Monday 5 March 2018

Ends and Odds: The Ravings of An Old Man By Dave Jaffe.. Chapter Seven Part Three. My Religious Odyssey.

   My Religious Odyssey by Dave Jaffe. Part Three.




    When the United States and the British armies invaded Iraq in March 2003 I was going regularly to the Unitarian Church in Vancouver. By this time I'd left the New Democratic Party and no longer called myself a socialist. Still, I remained a progressive and the invasion of Iraq appalled me. Yet in the Unitarian Church the minister didn't mention the invasion at all - or at least didn't say a word about it when I came to church.
     Not only this, many church members supported the invasion. This last fact didn't surprise me. Yet I did expect the minister of the time to say something about the war. "This is far out," I told a woman who taught biology at the University of British Columbia. "Aren't some Unitarians against this war?"
    "Dave," this woman replied, "you may have come to the wrong church. Go 20 blocks down Oak Street. to the Quakers. You'll find a lot of people there who're against this war." So I journeyed 20 blocks south along Oak street and ended up at the Quakers of the Society of Friends as they refer to themselves. Here I made the right move.
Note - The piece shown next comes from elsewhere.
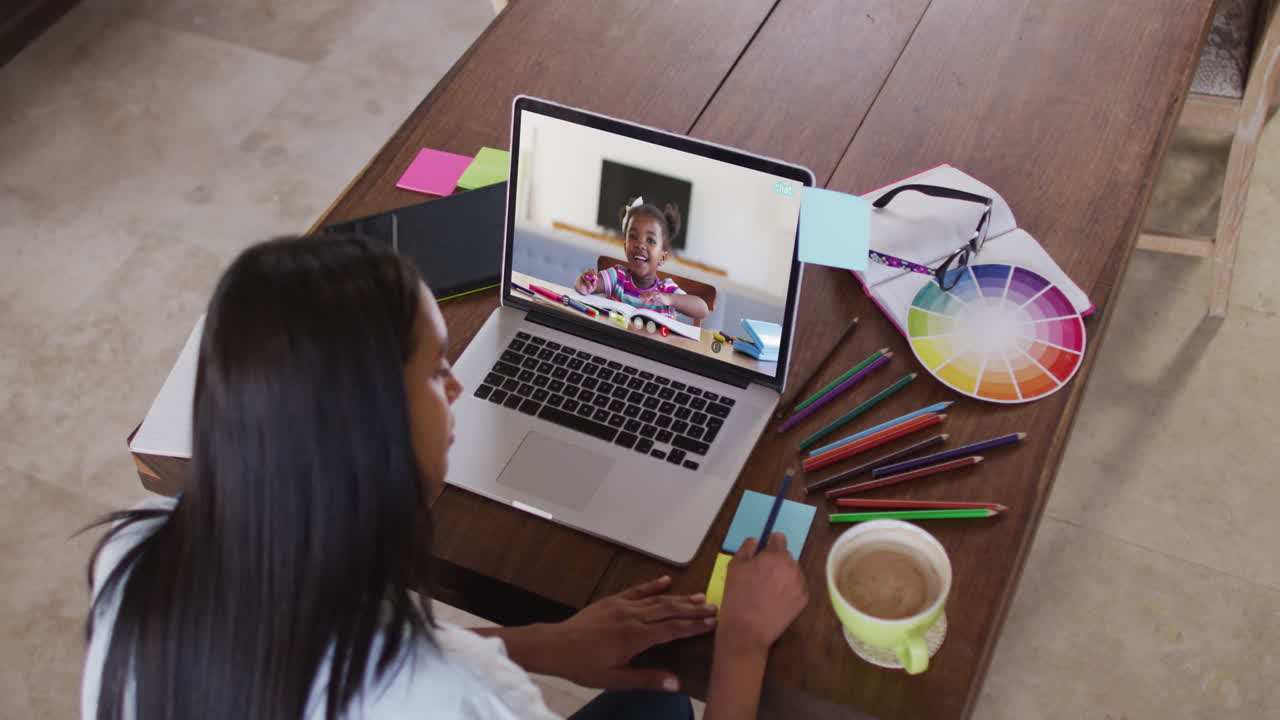 Maestra afroamericana escribiendo en notas adhesivas mientras realiza una videollamada con una niña en su computadora portátil.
    I was now into my third religion. The Quaker worship space is tiny. You sit in a former Baptist church that really looks like a compact living room. All worshippers sit on benches or rows of chairs that are ranged in a square that surrounds a sacred object placed on a low table. The Quakers or Friends' congregation in Vancouver doesn't total more than 100 members . The meeting house in Vancouver never held more than 30 or so worshippers when I went there.
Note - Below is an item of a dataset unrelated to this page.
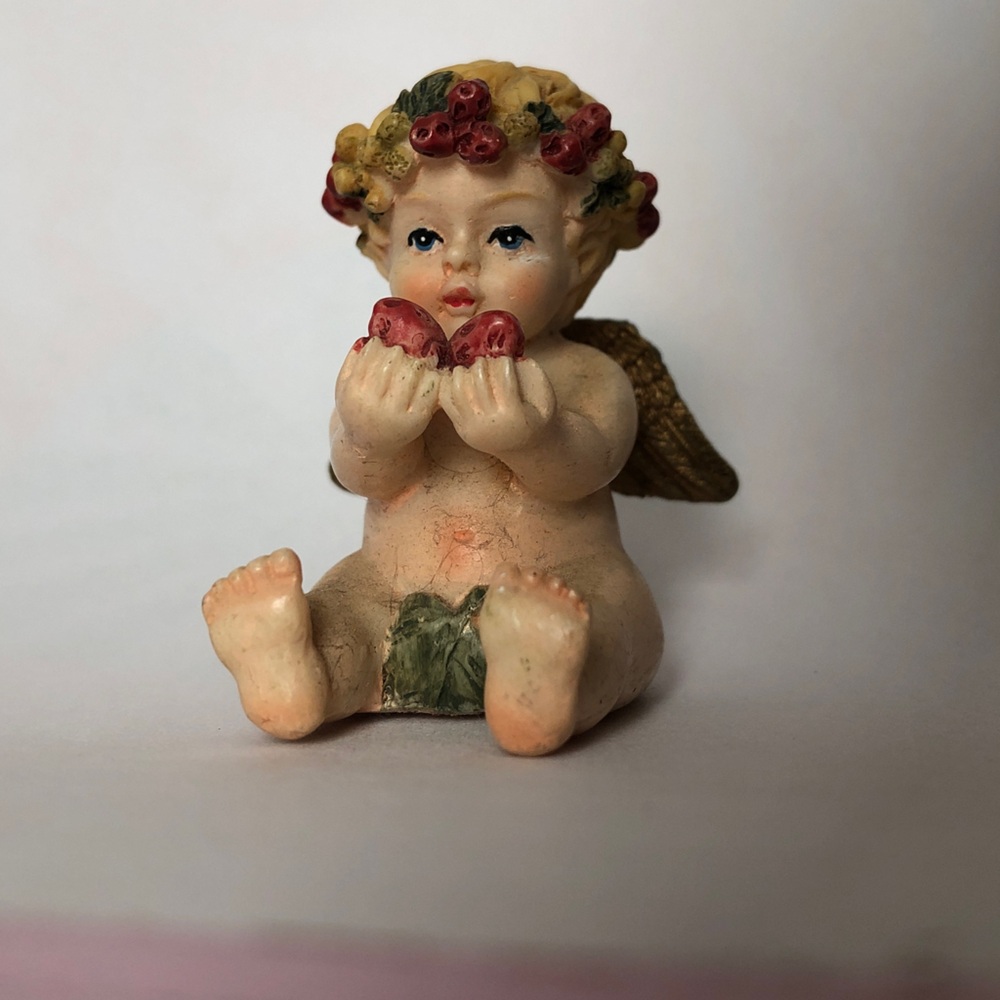 Cherubic Angel Figurine with Floral Accents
     Unlike all other churches I've been to, there's no hymns, no sermons or any minister in the meeting house. Quakers worship in silence. A service lasts about an hour. " It's like waiting for a dentist's appointment," one observer said about Quaker worship. A young man I met at the worship service liked the silence. "It's cool," he said. "Really cool." In this hour of silence Quakers are worshipping. They're not meditating, though some Buddhists do show up with prayer mats and meditate. Quakers are focusing on God or the divine spirit.
    The founder of the Society of Friends was George Fox who lived in England during the Civil War. in the 17th century. He believed that each person carried the light of God within them. Big churches or churches period were unnecessary, Fox said. To worship God all one needed was a small space and a belief in the divine.